Ici, la vie suit un cours léger, irrégulier, avec des creux et des pics dictés par la météo et l’activité enfantine. Au pays des horizons changeants, chaque jour est différent. Si le soleil daigne pointer le bout de ses rayons, nous devenons lézards et lamantins, fuyant la chaleur et cherchant refuge dans l’ombre et l’immobilité. Si la chaleur se fait moindre, nous en profitons pour aller explorer le pays alentour. Savais-tu, par exemple, qu’une espèce de savant fou, de mère irlandaise et de père basque avait construit un château-observatoire à la décoration assez délirante, où se mêlent serpents napoléoniens, messages de bienvenue en gaélique et activité astronomique. Il y a même un sentier de randonnée qui s’en va saluer les Jumeaux de la plage des Sorcières d’Hendaye (qui seront bientôt triplés vu que l’un d’eux est en train de se fendre, dixit Nicole, l’arrière-grand-mère qui me fournit toutes les indications historiques). D’ailleurs, la plage tire son nom de Torquemada et de l’Inquisition, ce qui est une toute autre histoire. Bref, nous sommes allés visiter le château d’Abbadia (et c’était assez chouette).
Nos journées, aussi paradoxal cela soit-il, ne commencent jamais avant le milieu de l’après-midi, aux alentours de quinze heures, quand l’apéro du midi se termine et avant que celui du soir n’arrive. Pendant cette parenthèse, nous n’allons jamais plus loin qu’à une poignée de kilomètres, quinze ou vingt grand maximum. Ainsi, le premier jour, c’est au Bourg que nous sommes allés. Celui d’Urrugne. Là, nous avons effectué le pèlerinage officiel de toute famille en villégiature : l’office de tourisme local (avec sa géniale exposition sur Jacque Henri Lartigue, dont le talent photographique me fait dire que nous n’avions rien inventé du tout, bien au contraire. Ce qu’il arrivait à faire à l’aube des Temps Photographiques est simplement extraordinaire). S’en est suivi une longue chasse au trésor jusqu’à la discrète et montagnarde chapelle de Notre-Dame-De-Socorri (ce qui veut dire Secours, en basque), un lieu de pèlerinage qui tire son origine du XVIIème siècle (de 1627) et d’une bande de pêcheurs ayant réussi à fuir les navires anglais en face de l’île de Ré grâce à une intervention divine (comprendre : le vent a soufflé et permis auxdits pêcheurs de fuir les anglais). Si jamais tu viens un jour en ces lieux, je pense que tu seras étonné par le cimetière qui se trouve de part et d’autre de la chapelle : les stèles discoïdales (en forme de trou de serrure, ce qui est le plus proche de la vérité et qui me parait plus simple pour les décrire) des tombes où reposent les victimes des épidémies de peste (en 1608) et de choléra (en 1855). A ce propos, si cela t’intéresse cherche donc comment était le Pays Basque était au XIXème siècle : sans être féodal, on en était quand même pas si loin (toujours dixit Nicole).
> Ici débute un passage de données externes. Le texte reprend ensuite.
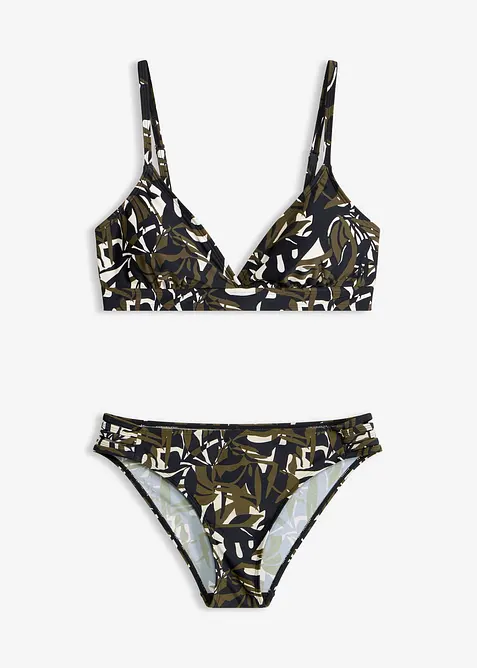 Bikini med kryssende skulderb&aring;nd, bonprix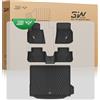 3W Set 4 di Tappetini per BMW X3 G01 2018-2024/iX3 G08 2021-2025 in Thorex™ e Tappetino per Bagagliaio su Misura, Facile da Pulire Tappeti per Auto Resistente e Tappeto Bagagliaio Antiscivolo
D’autres jours, c’est vers la nature et les montagnes des Pyrénées que se portent nos regards et s’envolent nos envies. En toute honnêteté, j’ai abandonné depuis longtemps mes fantasmes d’ascension de la Rhune : elle continue, jour après jour, à me narguer, à m’appeler, à m’aguicher. Je contemple cette aiguille dressée dans le ciel basque, cette pique où s’accrochent, s’entremêlent et s’effilochent les nuages au gré des vents et des caprices d’Éole. Véritable vœu pieux, sorte de ritournelle chantonnée à chaque arrivée et devenue regret le séjour une fois le séjour achevée, la montée de la Rhune est mon sacerdoce, mon ossuaire, mon objectif toujours caressé mais jamais accompli.
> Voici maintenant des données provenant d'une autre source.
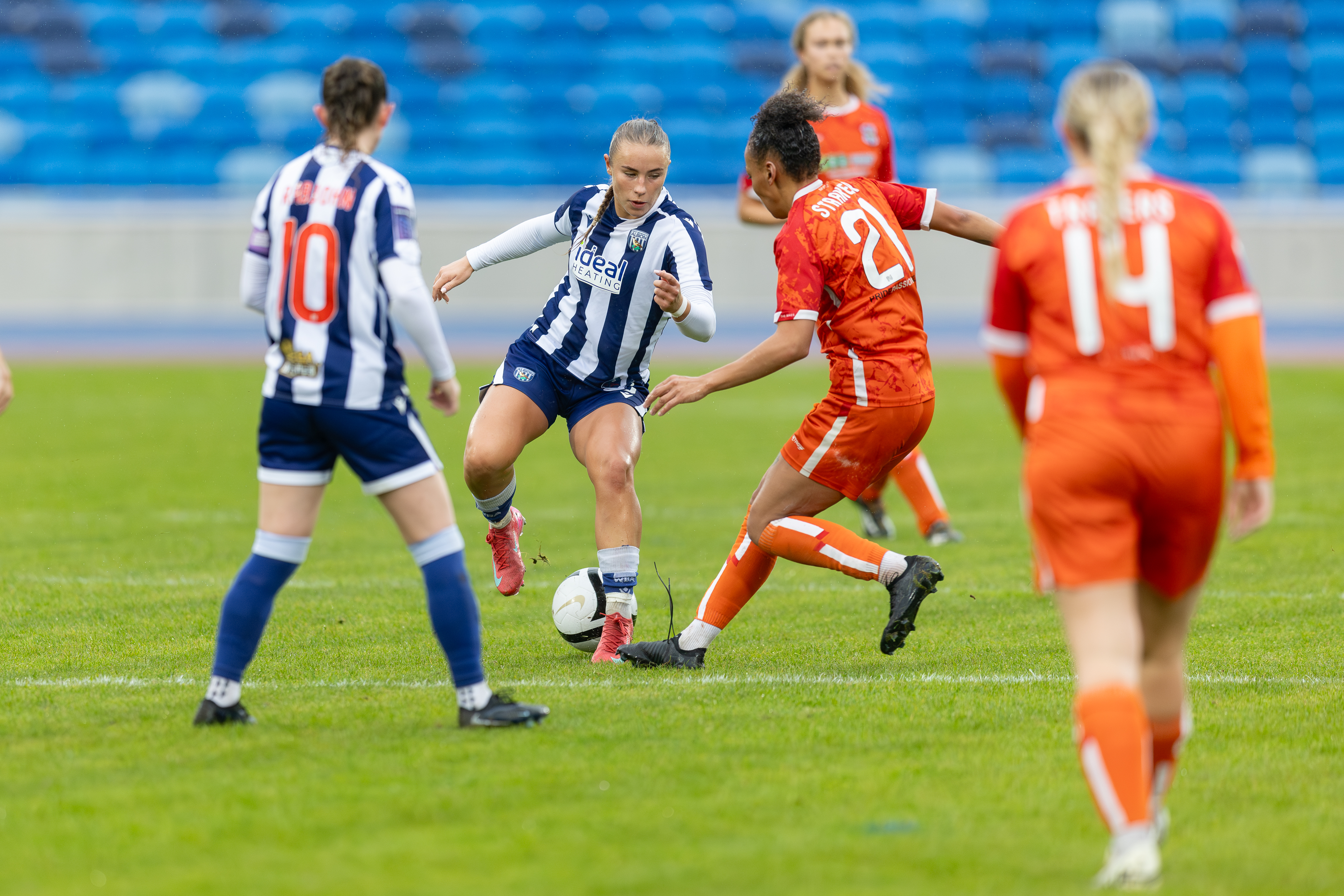 Seren Watkins in action against Boldmere.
Heureusement, et comme tu dois t’en douter, Larrun n’est pas le seul échappatoire possible pour nous autre. Ainsi, et pas plus tard qu’hier, c’est en Espagne que nous nous sommes retrouvés, le temps d’une randonné et d’un passage frontalier signalé uniquement par une vieille borne moussue ignorée de tous. Au bout de ce chemin, longeant une rivière et protégés de l’ardent soleil basque par une généreuse frondaison, nous visions les ventas, ces magasins détaxés espagnols venus d’un autre temps, où s’achètent toujours, comme depuis l’avant-guerre, blousons, cigarettes et autres marchandises à moindre coût (et où le voyageur fatigué peut dépenser son argent et se restaurer, si le cœur lui en dit). Si lesdites ventas étaient fermées, la promenade n’en fut pas moins délicieusement bucolique, un peu aventurière et formidablement rafraîchissante. Un vrai bol d’air frais au creux d’un été parfois assommant.
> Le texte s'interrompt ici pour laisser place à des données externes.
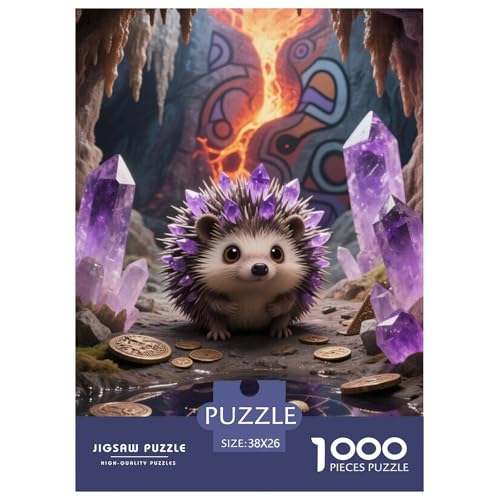 Miniature HedgehogJigsaw Puzzles for Adults 1000pcs Age 12+ for Adults Educational Game Challenge Toy Beautiful Decoration Birthday Gifts38x26cm/1000pcs von LWBDSKCZO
Pourtant, ce Pays Basque, mon Pays Basque (si j’ose dire et employer ce possessif sur lequel je n’ai que peu de droit), ce n’est pas que cela. C’est une aussi une belle et douce promesse, découverte lors de notre premier séjour familial ici et sans cesse renouvelée depuis : celle de longues soirées à rire et trinquer, des rires de nos enfants, des anecdotes, des nuits étoilées à identifier les constellations, des salutations aux escargots et des révérences aux hirondelles, des heures passées à essayer de photographier les milans, vautours et autres rapaces qui tournent et tournent encore, à en perdre la tête, dans un ballet circulaire qui semble infini.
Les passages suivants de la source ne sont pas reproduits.